[Records excerpted from a collection]
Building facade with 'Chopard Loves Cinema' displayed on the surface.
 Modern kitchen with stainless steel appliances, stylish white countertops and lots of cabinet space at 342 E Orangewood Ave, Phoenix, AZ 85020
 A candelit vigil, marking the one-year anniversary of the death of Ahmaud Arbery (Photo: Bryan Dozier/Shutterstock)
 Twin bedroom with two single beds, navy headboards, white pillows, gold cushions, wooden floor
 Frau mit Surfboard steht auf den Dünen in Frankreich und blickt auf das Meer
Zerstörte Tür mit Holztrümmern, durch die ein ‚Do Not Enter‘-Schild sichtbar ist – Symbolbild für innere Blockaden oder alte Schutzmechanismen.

WORK INSTRUCTION
Look above and repeat, character for character, the lines from the first one to the line with "Frau mit Surfboard", counting both.

EXERCISE ANSWER
Building facade with 'Chopard Loves Cinema' displayed on the surface.
 Modern kitchen with stainless steel appliances, stylish white countertops and lots of cabinet space at 342 E Orangewood Ave, Phoenix, AZ 85020
 A candelit vigil, marking the one-year anniversary of the death of Ahmaud Arbery (Photo: Bryan Dozier/Shutterstock)
 Twin bedroom with two single beds, navy headboards, white pillows, gold cushions, wooden floor
 Frau mit Surfboard steht auf den Dünen in Frankreich und blickt auf das Meer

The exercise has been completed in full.